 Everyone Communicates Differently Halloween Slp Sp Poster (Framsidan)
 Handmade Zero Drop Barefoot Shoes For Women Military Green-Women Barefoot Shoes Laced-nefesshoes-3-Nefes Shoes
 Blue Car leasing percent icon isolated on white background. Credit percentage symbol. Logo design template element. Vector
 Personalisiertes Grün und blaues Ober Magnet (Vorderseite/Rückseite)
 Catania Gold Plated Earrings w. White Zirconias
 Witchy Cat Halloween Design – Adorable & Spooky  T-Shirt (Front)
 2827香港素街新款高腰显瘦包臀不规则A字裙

* * * *

- [PROBLEM] Once more, write out all the data above exactly as given.

- [RESULT]
 Everyone Communicates Differently Halloween Slp Sp Poster (Framsidan)
 Handmade Zero Drop Barefoot Shoes For Women Military Green-Women Barefoot Shoes Laced-nefesshoes-3-Nefes Shoes
 Blue Car leasing percent icon isolated on white background. Credit percentage symbol. Logo design template element. Vector
 Personalisiertes Grün und blaues Ober Magnet (Vorderseite/Rückseite)
 Catania Gold Plated Earrings w. White Zirconias
 Witchy Cat Halloween Design – Adorable & Spooky  T-Shirt (Front)
 2827香港素街新款高腰显瘦包臀不规则A字裙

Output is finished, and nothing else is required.